Data-driven machine learning models have profoundly impacted various industries, highlighting the importance of accessible, diverse, and well-structured data. Rec- ognizing the value of data, an increasing trend of data transactions has emerged, giving rise to many data marketplaces such as AWS Marketplace, Databricks, and Datarade. However, determining the appropriate prices for data products remains a significant challenge. Common pricing methods can be categorized into the cost approach, the income approach, and the sales comparison approach. While the first two are not applicable due to the unique properties of data products, the third approach is limited by the lack of systematic and comparable pricing information for data products in data marketplaces. To address this challenge, we introduce DaDaDa, the first dataset for data product pricing, containing metadata for 16,147 data products from 9 major data marketplaces worldwide. By training a pricing model on the curated metadata, we provide valuable references for pricing new data products. Furthermore, DaDaDa can be utilized for other important tasks in data markets, such as data product classification and retrieval.
You can also access our dataset on Kaggle.
Project dependencies can be installed in the following ways:
pip install -r requirements.txt
We use a server with an NVIDIA A100 GPU(80GB) and 160 Intel(R) Xeon(R) Platinum 8383C CPU @ 2.70GHz for all empirical experiments in this manuscript.

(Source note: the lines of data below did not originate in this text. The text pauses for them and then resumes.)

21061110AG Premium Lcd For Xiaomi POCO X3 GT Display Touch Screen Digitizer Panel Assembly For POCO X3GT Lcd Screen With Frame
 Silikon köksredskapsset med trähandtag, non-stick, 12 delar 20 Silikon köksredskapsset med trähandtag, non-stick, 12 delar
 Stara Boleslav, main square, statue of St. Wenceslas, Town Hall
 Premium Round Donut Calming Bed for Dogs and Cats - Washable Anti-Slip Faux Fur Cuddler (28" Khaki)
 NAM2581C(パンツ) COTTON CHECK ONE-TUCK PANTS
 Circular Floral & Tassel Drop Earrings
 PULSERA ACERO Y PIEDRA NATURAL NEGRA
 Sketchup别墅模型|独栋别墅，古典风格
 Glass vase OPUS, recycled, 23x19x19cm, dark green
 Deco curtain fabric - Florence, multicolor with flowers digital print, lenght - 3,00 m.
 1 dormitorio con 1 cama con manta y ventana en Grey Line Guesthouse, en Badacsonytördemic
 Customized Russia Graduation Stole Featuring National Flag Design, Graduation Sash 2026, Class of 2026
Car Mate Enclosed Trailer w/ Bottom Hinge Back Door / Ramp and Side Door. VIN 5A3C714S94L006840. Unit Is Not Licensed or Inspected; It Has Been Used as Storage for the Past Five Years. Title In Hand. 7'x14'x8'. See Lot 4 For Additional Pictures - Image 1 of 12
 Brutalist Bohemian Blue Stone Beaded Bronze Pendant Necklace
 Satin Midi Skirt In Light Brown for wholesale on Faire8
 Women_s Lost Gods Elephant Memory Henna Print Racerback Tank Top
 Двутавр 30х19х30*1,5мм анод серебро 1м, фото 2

The operating system is Ubuntu 20.04.6.
The directory is organized as
.
├── croissant_metadata.json
├── DaDaDa/
│ ├── crawler/
│ ├── data/
│ │ ├── final_data.csv
│ │ ├── merge_data.py
│ │ ├── preprocess_data/
│ │ ├── preprocess_raw.py
│ │ ├── raw_data/
│ │ └── samples/
│ └── experiment/
│ ├── classification/
│ ├── pricing/
| └── retrieval/
├── images/
├── LICENSE
└── README.md| Leaf directory / file | Content |
|---|---|
| croissant_metadata.json | Croissant metadata record |
| final_data.csv | The metadata for all 16,147 data products. (The final comprehensive dataset of DaDaDa) |
| crawler/ | Store the web crawler code for extracting data product information from the data marketplaces. |
| merge_data.py | Combine all the information of data products from the preprocessed preprocess_data directory together. |
| preprocess_data/ | Store the preprocessed data after integrating the raw data. |
| preprocess_raw.py | Process the data in raw_data into a unified format and store it in the preprocess_data folder. |
| raw_data/ | Store raw data after data scraping and manual annotation. |
| samples/ | Store the data sample of partial data products. |
| classification/ | Experimental code related to the classification of data products. |
| pricing/ | Experimental code related to the pricing of data products. |
| retrieval/ | Experimental code related to the retrieval of data products |
| images/ | Store the images used in this repository. |
1. removing duplicated items During data crawling, duplicate data products may arise. To ensure the uniqueness of the dataset, we detect duplicates by comparing the ''title'' and ''provider'' fields. If two data products have identical ''title'' and''provider'', they are considered duplicates, and the redundant entries are removed.
2. rectify errors During the crawling process, non-UTF-8 characters may sometimes be retrieved, leading to errors when reading files containing such characters. We have developed a script to detect and automatically remove non-UTF-8 characters from the data.
3. imputing missing values While fields such as ''title'', ''provider'', ''description'', and ''url'' are usually obtained automatically through crawling, some critical fields like ''update_frequency'', ''volume'', ''dimension'',"coverage" and ''size'' are often not explicitly provided on many data platmarketplaces and are only mentioned in the ''description''. For example, the description might state "Data is updated monthly, usually on the first Friday of each month.", indicating a monthly update frequency. To address these missing fields, we use manual annotation. Specifically, we read the ''description'' field to extract relevant information to fill in the missing fields. If no relevant information is found, we use default values.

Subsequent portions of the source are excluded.